As FEATFLOW has provided data for different discretization levels, we compare our numerical data with the data provided using matplotlib.

if rank == 0:
num_velocity_dofs = V.dofmap.index_map_bs * V.dofmap.index_map.size_global
num_pressure_dofs = Q.dofmap.index_map_bs * V.dofmap.index_map.size_global

fig = plt.figure(figsize=(25,8))
l1 = plt.plot(t_u, C_D, label=r"FEniCSx  ({0:d} dofs)".format(num_velocity_dofs+num_pressure_dofs),linewidth=2)
l2 = plt.plot(turek[1:,1], turek[1:,3], marker="x", markevery=50,
linestyle="", markersize=4, label="FEATFLOW (42016 dofs)")
plt.title("Drag coefficient")
plt.grid()
plt.legend()
plt.savefig("drag_comparison.png")

fig = plt.figure(figsize=(25,8))
l1 = plt.plot(t_u, C_L, label=r"FEniCSx  ({0:d} dofs)".format(
num_velocity_dofs+num_pressure_dofs),linewidth=2)
l2 = plt.plot(turek[1:,1], turek[1:,4], marker="x", markevery=50,
linestyle="", markersize=4, label="FEATFLOW (42016 dofs)")
plt.title("Lift coefficient")
plt.grid()
plt.legend()
plt.savefig("lift_comparison.png")

fig = plt.figure(figsize=(25,8))
l1 = plt.plot(t_p, p_diff, label=r"FEniCSx ({0:d} dofs)".format(num_velocity_dofs+num_pressure_dofs),linewidth=2)
l2 = plt.plot(turek[1:,1], turek_p[1:,6]-turek_p[1:,-1], marker="x", markevery=50,
linestyle="", markersize=4, label="FEATFLOW (42016 dofs)")
plt.title("Pressure difference")
plt.grid()
plt.legend()
plt.savefig("pressure_comparison.png")   We observe an offset in amplitude.
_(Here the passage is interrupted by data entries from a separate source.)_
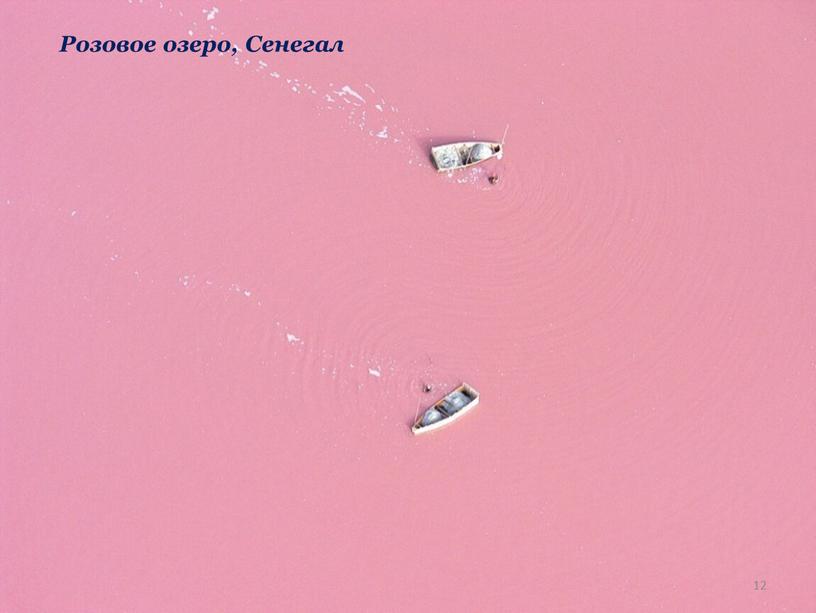 Розовое озеро, Сенегал 12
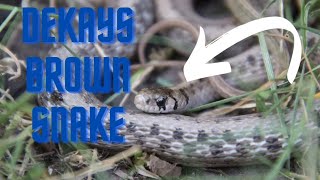 DeKays Brown snakeSnake Facts [upl. by Krasnoff]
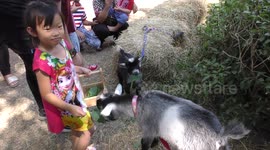 Pygmy goats with friends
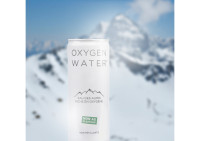 CANETTE EAU DES ALPES 250ml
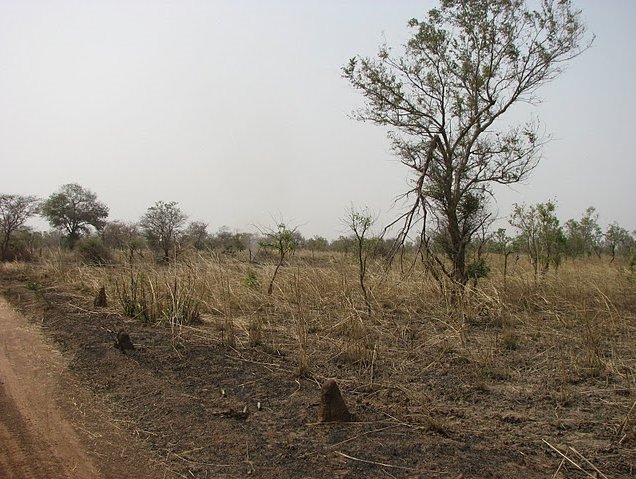   Tanguieta Benin Photo Gallery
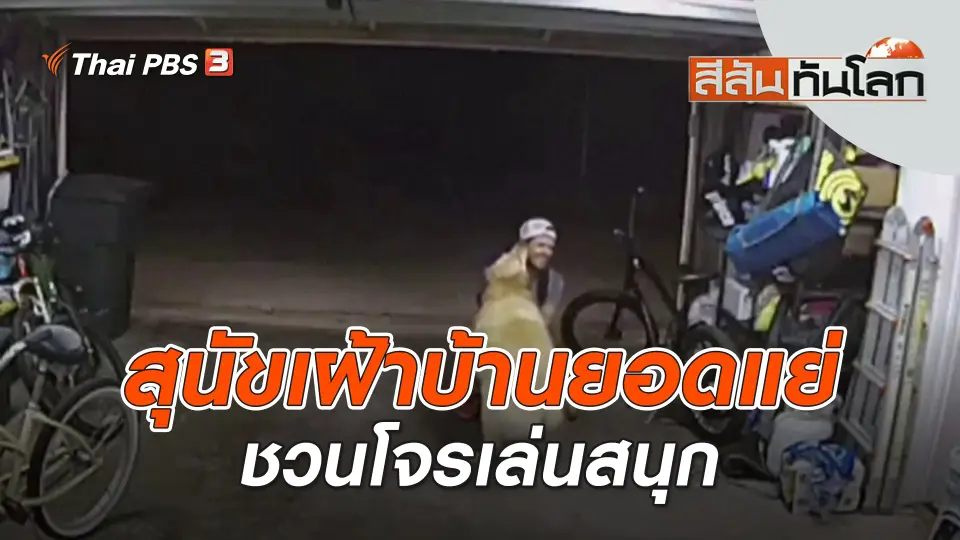 สุนัขเฝ้าบ้านยอดแย่ชวนโจรเล่นสนุก | สีสันทันโลก | 13 ส.ค. 66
This is due to the reduced number of degrees of freedom compared to FEATFLOW. If we change the parameters res_min to r/5, and res_max to r, we can obtain a result closer to the FEATFLOW benchmark. It is recommended to convert the notebook to a python-script using nbconvert and using mpirun -n 4 python3 ns_code2.py` to run the python program distributed over 4 processors.